Unlike fiat-backed stablecoins, crypto-collateralized stablecoins are backed by other cryptocurrencies.
These stablecoins have no central issuer, which means they are decentralized and on-chain.
Since cryptocurrencies are normally volatile, the reserve cryptocurrency will also be volatility prone, therefore these stablecoins are over-collateralized – the cryptocurrency in the reserve is more than the number of stablecoins in circulation.
For instance, if there are 1 million stablecoins in circulation, the issuer must have $2 million worth of the cryptocurrency, in the reserve.
How does it work?
When having a crypto-backed stablecoin, you’re technically locking your cryptocurrency into a smart contract to have stablecoins of equivalent value.
To redeem your cryptocurrency, the stablecoin is placed into the same smart contract, and the original collateral amount becomes available to be withdrawn.
Examples of these stablecoins are WBTC, DAI, etc.
These stablecoins are not collateralized by crypto or fiat. Instead, their stability is retained through algorithms and smart contracts that manage the supply of tokens in circulation.

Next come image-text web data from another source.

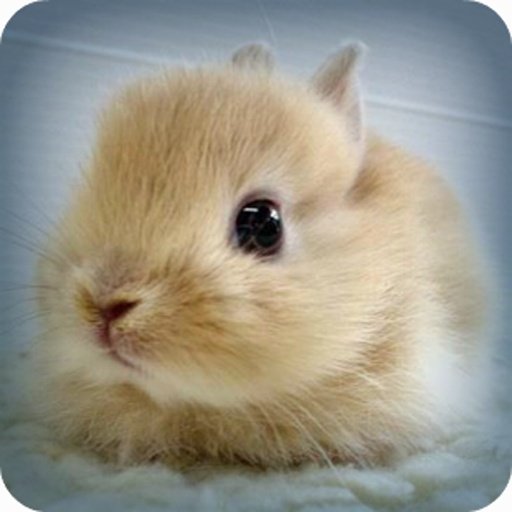 Haha Bunnies截图7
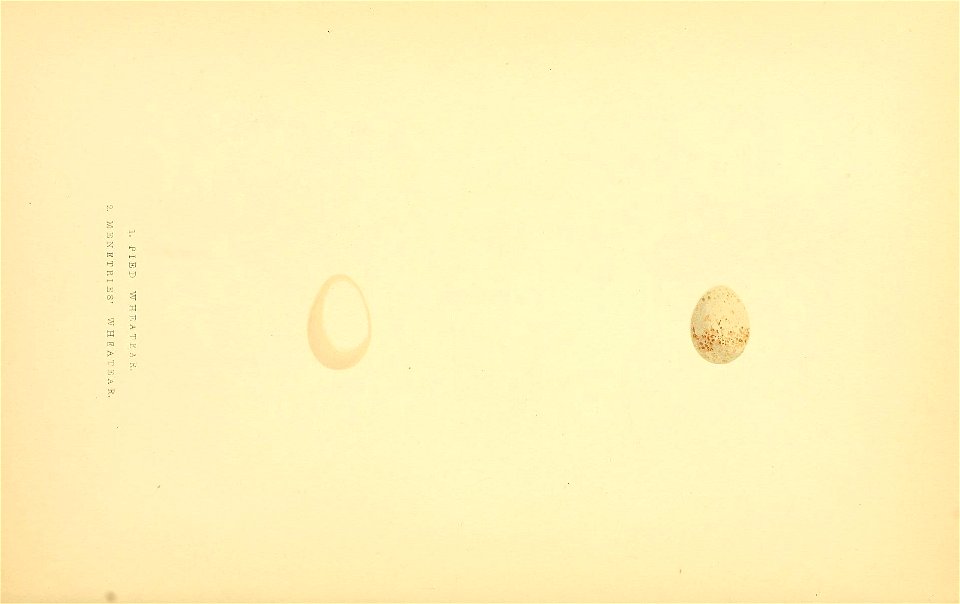 n251_w1150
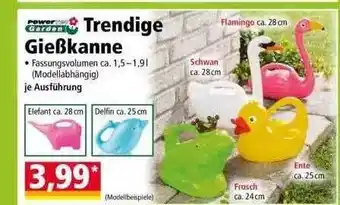 Norma Powertec Garden Trendige Gießkanne Angebot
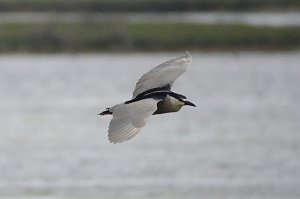 Heron, Black-crowned Night, 2012-05152141 Edwin B Forsythe NWR, NJ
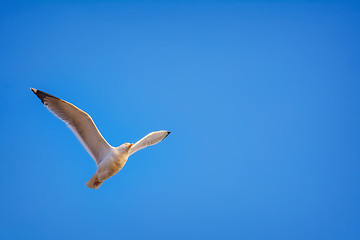 Image showing Seagull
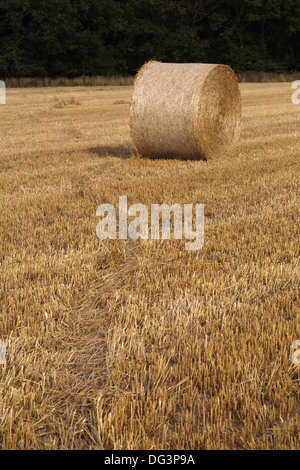 Rothirsch (Cervus Elaphus), regelmäßige Gehweg, offenbart nach der Ernte. Beachten Sie die Lage des ausgetretenen gonna links vom Stroh Rundballen Stroh. Stockfoto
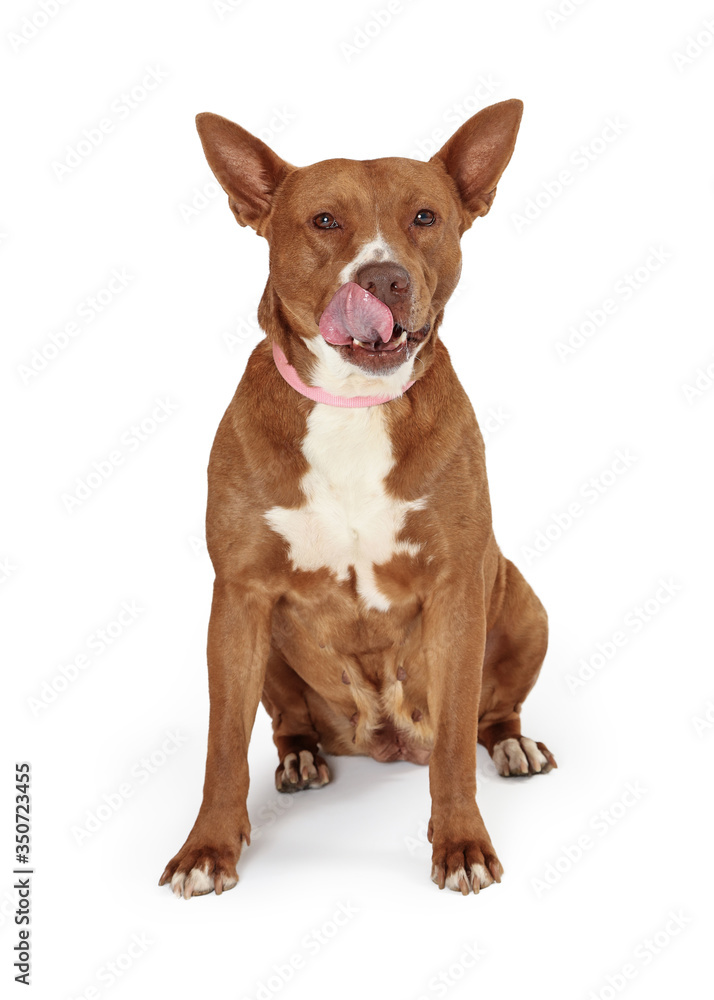 Hungry large pet dog licking lips  isolated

The algorithms are computer programs running on preset formulas – that work closely with the law of supply and demand – an increase in supply leads to a decrease in price.
For instance, when the price of the stablecoin exceeds the price of the fiat currency it follows, new tokens will enter circulation(increase in supply) to reduce the stablecoin value.
Also, when the market price of the stablecoin falls below the price of the fiat currency being tracked, tokens will be removed (decrease in supply) from circulation to stabilize the price.
This stablecoin kind is not really common, it is backed by physical assets like precious metals, oil, and property and land holdings.
However, the prices of commodities are also volatile, which could lead to value loss.
These stablecoins can be used to facilitate investments in assets that might not be available locally.
For instance, these stablecoins can be used in countries where it is difficult to locate, purchase, and store assets like bars of gold and silver.
Which Stablecoin type is the best stablecoin?
All stablecoin types are unique in their own way. Depending on what you want, you can choose a particular type over the other.
However, from the stablecoin type gaining massive attention and users, Fiat backed-stablecoins are the most used stablecoins in the world at large.
Tether (USDT) is the most popular and largest stablecoin by market capitalization, followed by USD Coin (USDC).
Top 9 Stablecoins by market capitalization
According to coinmarketcap data, the top stablecoins by market capitalization are;
- TETHER, USDT ($69,117,299,495)
- USD COIN, USDC($43,705,956,222)
- BINANCE USD, BUSD($21,395,177,480)
- DAI, DAI ($6,290,111,851)
- Pax Dollar, USDP ($941,965,986)
- TrueUSD, TUSD ($824,379,459)
- USDD, USDD ($723,754,678)
- Neutrino USD, USDN ($661,844,388)
- Fei USD, FEI ($420,008,280)
As we know, there is a disadvantage to everything and there is a significant amount of risk also attached.
Stablecoins also has disadvantages;
- The ones that are crypto-backed have volatility problems.
- The Fiat-backed can have decentralization problems.
- Generally, they can be subjected to human error, and the owner of the reserve might refuse to redeem assets.
- Algorithm stablecoins can be treated as a Ponzi scheme where new tokens are only created through new users depositing collateral, so when users stop depositing, it crashes.